# ***Naive Bayes Classifier***
------------------------------------

In [2]:
# Suppose you have three classes to classify web search queries into

# Zoology
# Computer Science
# Entertainment

In [3]:
# In general most web search queries fall under the entertainment category.
# When you know nothing about a query, the chances for it being entertainment related is quite high.

In [4]:
# Consider the search query "Python"

# Is it Python the snake? (Zoology)
# Python programming language (Comp Sci)
# Or the Monty Python show (entertainment)

# How would you classify this query?


In [5]:
# Without having any information about a query, we would have assumed it to be entertainment related due to sheer chance.
# Now that we do know the query we do know that it is more likely related to the Python snake than entertainment.

In [7]:
# Assume that the search query has changed to "Python 3.8 download"
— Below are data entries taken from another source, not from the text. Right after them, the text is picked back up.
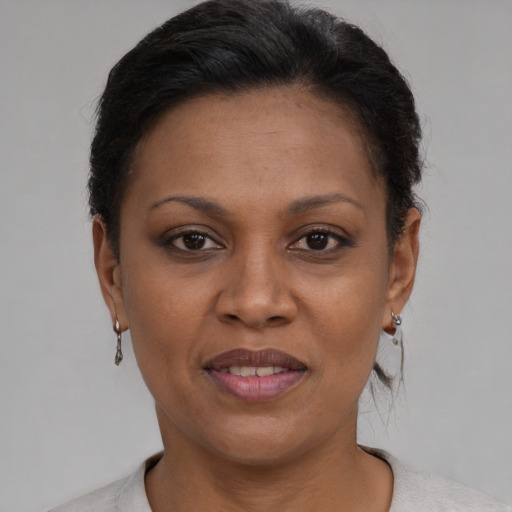 Joyful black adult female with short  brown hair and brown eyes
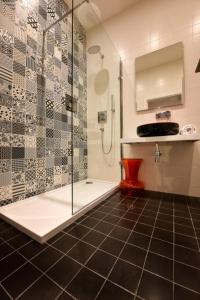 a bathroom with a shower and a glass shower stall at Quaint Boutique Hotel Sannat in Sannat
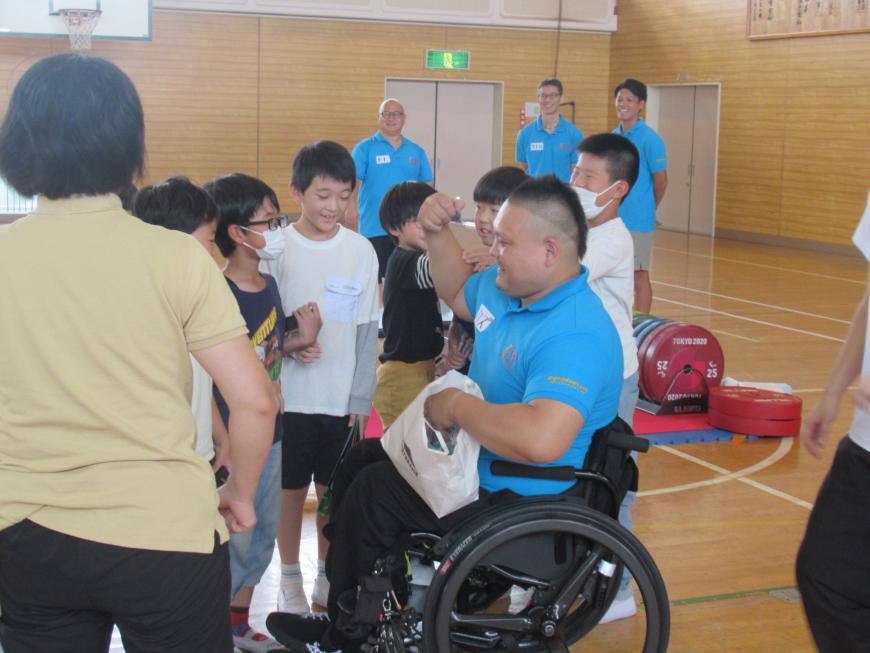 車いすに座った渡邉和幸選手の周りに生徒達が集まっている写真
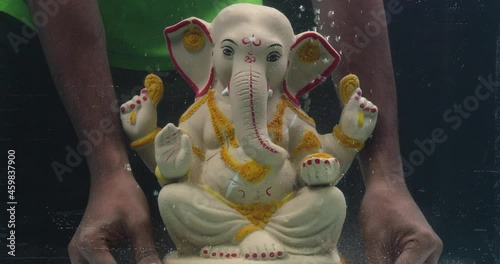 Lord Ganesh idol immersion in water during Indian festival Ganesha Chaturthi. photo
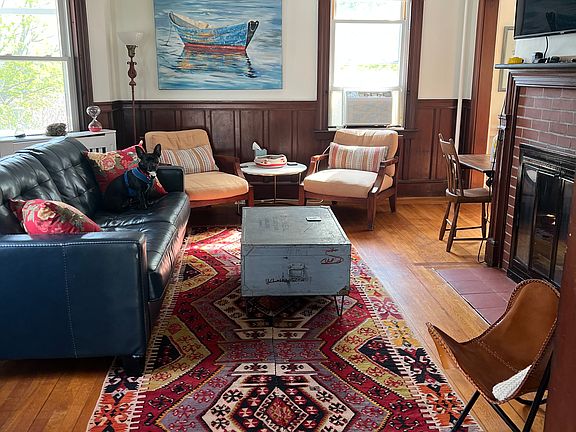 Living room. Leather sofa, comfy chairs, smart tv (wifi included), games, books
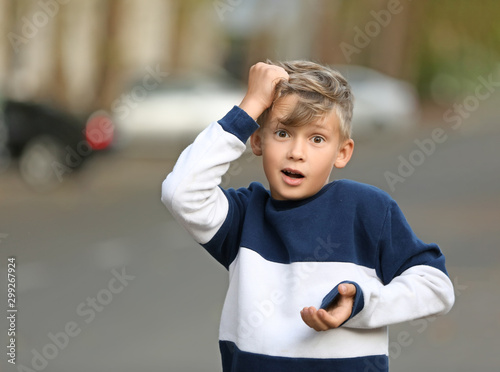 Stressed little boy walking...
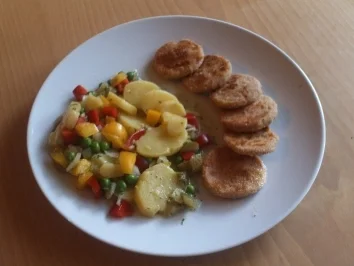 Geflügelfleischwursttaler mit Kartoffelsalat - Rezept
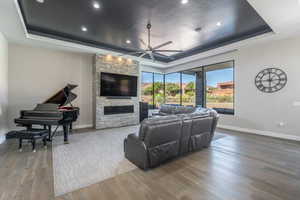 Living room featuring ceiling fan, a tray ceiling, and wood finished floors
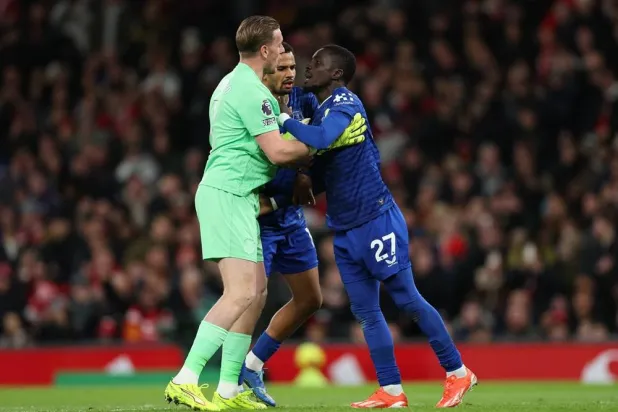 Idrissa Gueye of Everton (R) grabs Jordan Pickford of Everton (L) as Iliman Ndiaye of Everton (C) tries to intervene during the English Premier League match between Manchester United and Everton FC in Manchester, Britain, 24 November 2025. (EPA) 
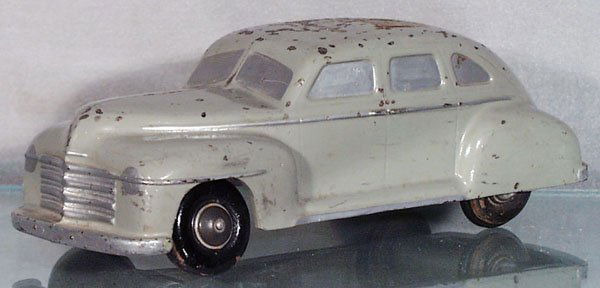 SETO OF SWEDEN 1947 PLYMOUTH: die cast, remote control drive car, wooden tires, paint chips on roof, 12 in long, insert rod into slot in roof & the car can be made to steer, 1 tire brace needs resoldering, C5.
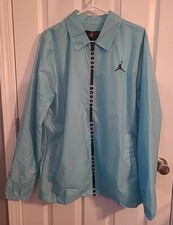 Nike Air Jordan Essentials Men s Size Medium Woven Jacket Aqua Black DX9687-464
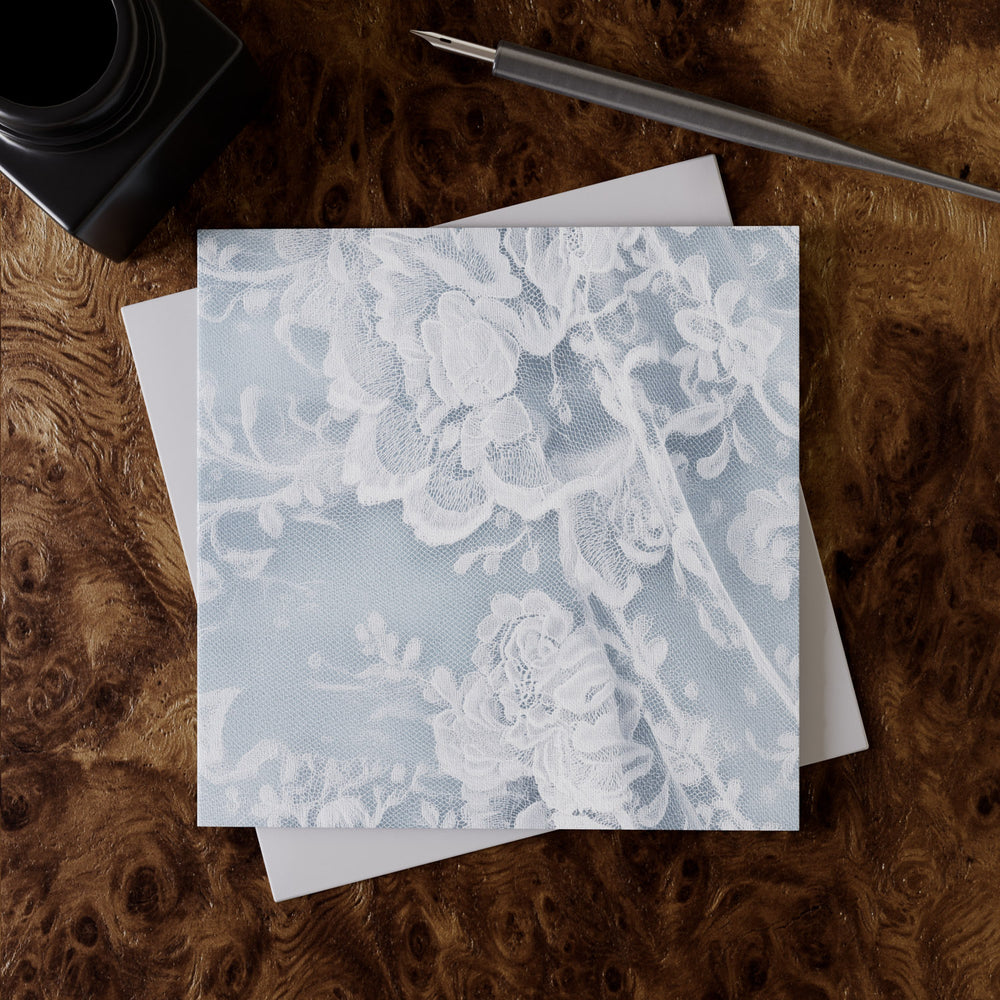Lemieux et Cie French Lace Greeting Card Set in soft blue linen paper, stationery with floral Alençon lace motif, styled on figured wood surface.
# We now know for a fact that this is related to Python programming language.
# Given additional information about the context, one can better classify the query into a more appropriate category.
# i.e Computer Science

In [8]:
# We initially had a probabilistic model
# That stated that most web search queries are likely to be entertainment related.
# But when we became aware of the query string, the context changed.
# We updated the probability of the query being Zoology related higher since the string was "Python"

# Then with the arrival of more information
# Such as the version number and "download" we knew that this query was about Python language
# So, we update the probabilities again
# This time giving the Computer Science class the highest probability.

## ***Prior probability: P(Y = Entertainment), P(Y = Zoology), P(Y = Computer science)***

## ***Prior probability: P(Y = Entertainment) > P(Y = Zoology) or P(Y = Computer science)***

In [None]:
# These are the probabilities before having any clue about the actual query string.
# Applies to any random search query purely based on learned past knowledge.

## ***P(Y = Entertainment) + P(Y = Zoology) + P(Y = Computer science) = 1***

In [9]:
# Since we have just these three classes, the sum of these probabilities should be 1.0

In [10]:
# Say, now that we know that the query is "Python"

## ***P(Y = Entertainment | x = "Python")***

In [13]:
# Now this has become the probability of the query string being entertainment related, given the query string is "Python"

In [14]:
# So, now

## ***P(Y = Entertainment | x = "Python") or P(Y = Zoology | x = "Python") < P(Y = Comp. Sci | x = "Python")***

# ***Baye's theorem***

## ***Posterior probability = $\frac{Prior probability \text{ x } Likelihood}{Evidence}$***

# ***$P(Y | x)$ = $\frac{P(Y) \times P(x | Y)}{P(x)}$***

In [2]:
# Probability of Y given x is equal to
# The prior probability of Y P(Y) multiplied by
# the probability of x given Y P(x | Y)
# where the data is the class
# i.e given that the label is Computer Science, the probability of seeing Python there.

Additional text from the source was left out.